Surely you at least once in your life struggled with some kind of bad habit. Do you remember how easy it was for you? How did you feel when others made comments to you with the words “you are back for yours again”?

Excessive pressure can exacerbate the problem, so it is absolutely impossible:

  • yelling at a child and lecturing him;
  • punish the child physically — when you slap him on the hands or lips for putting his finger in his mouth;
  • to punish with “hardships” — to take away a smartphone or not to let go on a trip with a class on an excursion;
  • frighten with terrible fables — supposedly if he picks his nose, then he will have two large holes instead of two small ones, or his fingers will fall off;
  • shame the child using the phrases «Look what an ill-mannered baby!» or by comparing him to other, «ideal» children.

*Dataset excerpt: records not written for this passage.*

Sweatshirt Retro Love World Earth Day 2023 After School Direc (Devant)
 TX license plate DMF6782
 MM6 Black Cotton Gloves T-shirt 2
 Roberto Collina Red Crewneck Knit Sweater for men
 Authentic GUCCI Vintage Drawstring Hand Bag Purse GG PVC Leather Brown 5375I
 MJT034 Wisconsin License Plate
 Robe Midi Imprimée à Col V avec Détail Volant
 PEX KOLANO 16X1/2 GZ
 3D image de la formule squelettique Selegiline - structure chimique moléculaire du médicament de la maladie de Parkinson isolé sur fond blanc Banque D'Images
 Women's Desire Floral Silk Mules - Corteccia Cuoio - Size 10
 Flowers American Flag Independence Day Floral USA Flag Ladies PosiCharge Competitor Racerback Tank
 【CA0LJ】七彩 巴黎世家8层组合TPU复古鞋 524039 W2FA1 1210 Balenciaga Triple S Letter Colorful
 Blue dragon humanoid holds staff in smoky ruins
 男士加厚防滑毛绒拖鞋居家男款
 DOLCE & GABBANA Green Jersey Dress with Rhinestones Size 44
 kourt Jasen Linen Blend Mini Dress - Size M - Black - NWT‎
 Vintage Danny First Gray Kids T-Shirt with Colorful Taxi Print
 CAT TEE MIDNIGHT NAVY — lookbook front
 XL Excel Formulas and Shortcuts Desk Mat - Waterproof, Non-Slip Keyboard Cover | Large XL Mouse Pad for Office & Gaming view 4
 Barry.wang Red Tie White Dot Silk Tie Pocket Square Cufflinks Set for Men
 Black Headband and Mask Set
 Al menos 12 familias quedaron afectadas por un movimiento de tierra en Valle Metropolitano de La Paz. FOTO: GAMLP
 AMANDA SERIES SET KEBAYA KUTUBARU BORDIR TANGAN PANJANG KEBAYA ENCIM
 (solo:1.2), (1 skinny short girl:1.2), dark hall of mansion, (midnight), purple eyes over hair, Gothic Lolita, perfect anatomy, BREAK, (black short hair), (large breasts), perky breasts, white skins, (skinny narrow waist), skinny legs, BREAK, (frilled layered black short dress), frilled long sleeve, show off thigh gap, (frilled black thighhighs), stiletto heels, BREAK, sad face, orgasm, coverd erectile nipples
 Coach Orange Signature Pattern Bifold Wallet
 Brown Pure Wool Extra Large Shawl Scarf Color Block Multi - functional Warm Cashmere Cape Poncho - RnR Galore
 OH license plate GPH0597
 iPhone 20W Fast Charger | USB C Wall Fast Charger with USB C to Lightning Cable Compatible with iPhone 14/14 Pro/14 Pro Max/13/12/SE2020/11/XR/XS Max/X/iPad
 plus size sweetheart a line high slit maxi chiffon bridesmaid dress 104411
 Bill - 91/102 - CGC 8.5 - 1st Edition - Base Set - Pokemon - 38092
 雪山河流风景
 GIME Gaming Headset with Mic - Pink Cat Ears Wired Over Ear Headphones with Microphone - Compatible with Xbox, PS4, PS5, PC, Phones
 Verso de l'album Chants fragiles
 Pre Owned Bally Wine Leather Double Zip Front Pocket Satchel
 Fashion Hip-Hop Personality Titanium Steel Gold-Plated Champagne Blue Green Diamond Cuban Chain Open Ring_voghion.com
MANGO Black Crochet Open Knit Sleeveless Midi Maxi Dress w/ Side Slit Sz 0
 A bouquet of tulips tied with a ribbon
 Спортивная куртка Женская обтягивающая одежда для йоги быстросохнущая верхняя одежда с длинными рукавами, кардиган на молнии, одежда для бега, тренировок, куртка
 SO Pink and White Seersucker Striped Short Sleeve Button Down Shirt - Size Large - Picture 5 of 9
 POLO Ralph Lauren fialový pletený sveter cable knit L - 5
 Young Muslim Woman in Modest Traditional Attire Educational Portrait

Strict suggestion can stop the compulsive action right now, but it will not have a long-term effect. Most likely, such words will only increase the child’s attention to the bad habit and increase his nervousness. And if you fight so constantly, then a simple habit will easily develop into an obsession.

A constructive solution is the translation of comments into a game form. You can come up with a conditional signal that for both of you will mean «Hey, you’re on your own again.» It’s better if it’s something fun.

For example, the child began to bite his nails again, and instead of notations from the category “Well, how much can I tell you”, he hears the funny word “Chukachamra”. This will not cause negative emotions in the baby and will help him gradually get rid of the habit.